Items from a data source:
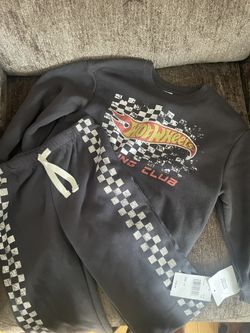 Hot Wheels 2 Piece Set Size 4T Black Racing Club Sweater Sweatpants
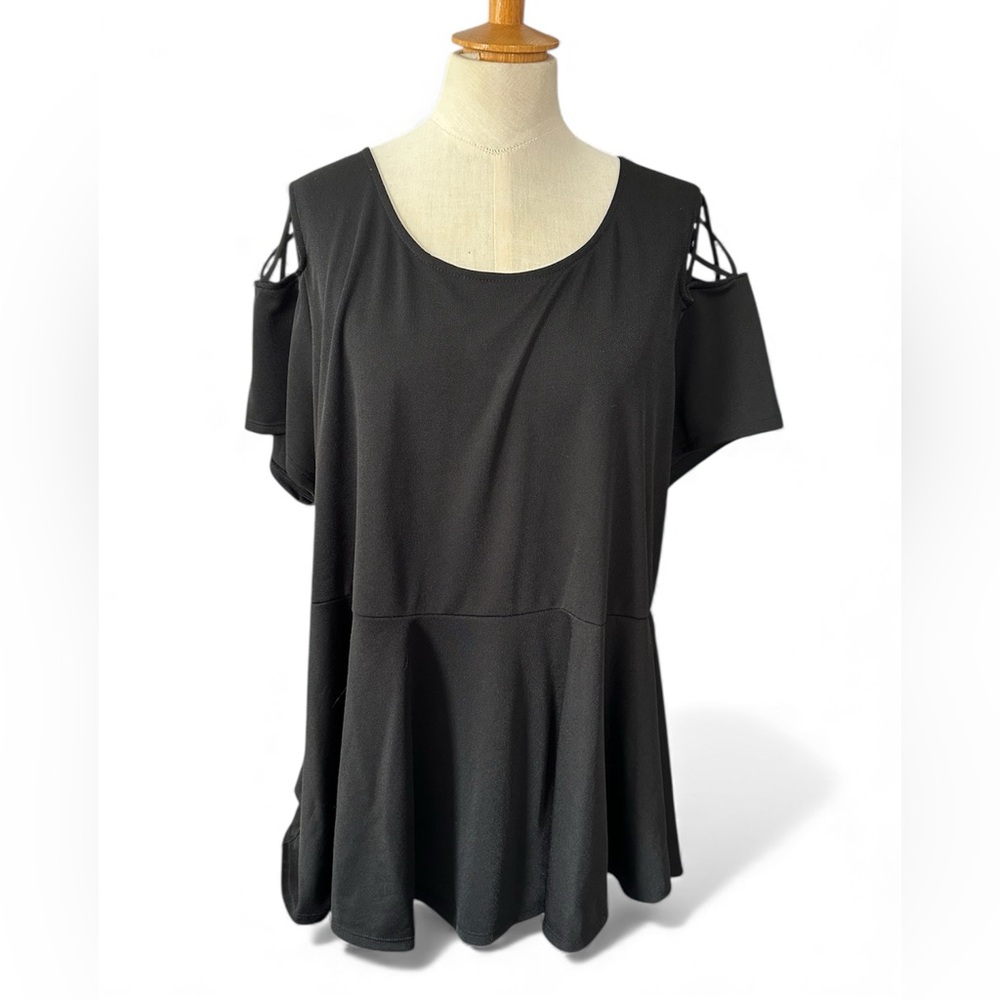 Torrid Peplum Lace Up Cold Shoulder Cage Back Top NWOT sz 3 3X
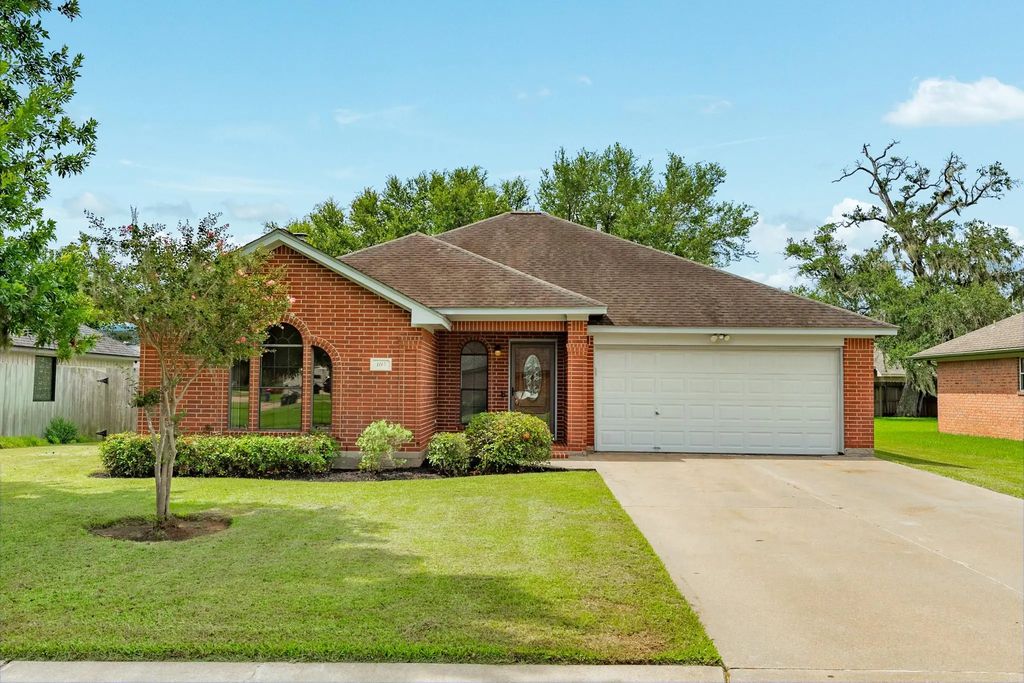 105 Washington Avenue, Clute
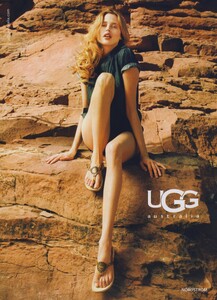 Ugg_Australia_2009_06.thumb.jpg.172607b7f563488704c4a3de13958ed2.jpg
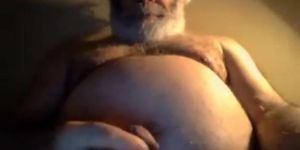 Hairy horny NY daddy bear jerks off on webcam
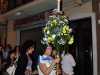 57-un-candeliere-arricchito-con-fiori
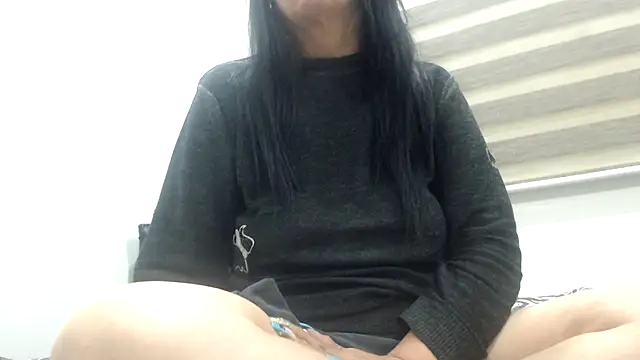 Snapshot of mommynasty chatting on October 27, 2025, 7:42 am mommynasty online show from October 27, 2025, 7:42 am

PROBLEM TO SOLVE |
Transcribe every entry exactly, leaving out the pictures.

ANSWER SPACE |
 Hot Wheels 2 Piece Set Size 4T Black Racing Club Sweater Sweatpants
 Torrid Peplum Lace Up Cold Shoulder Cage Back Top NWOT sz 3 3X
 105 Washington Avenue, Clute
 Ugg_Australia_2009_06.thumb.jpg.172607b7f563488704c4a3de13958ed2.jpg
 Hairy horny NY daddy bear jerks off on webcam
 57-un-candeliere-arricchito-con-fiori
 Snapshot of mommynasty chatting on October 27, 2025, 7:42 am mommynasty online show from October 27, 2025, 7:42 am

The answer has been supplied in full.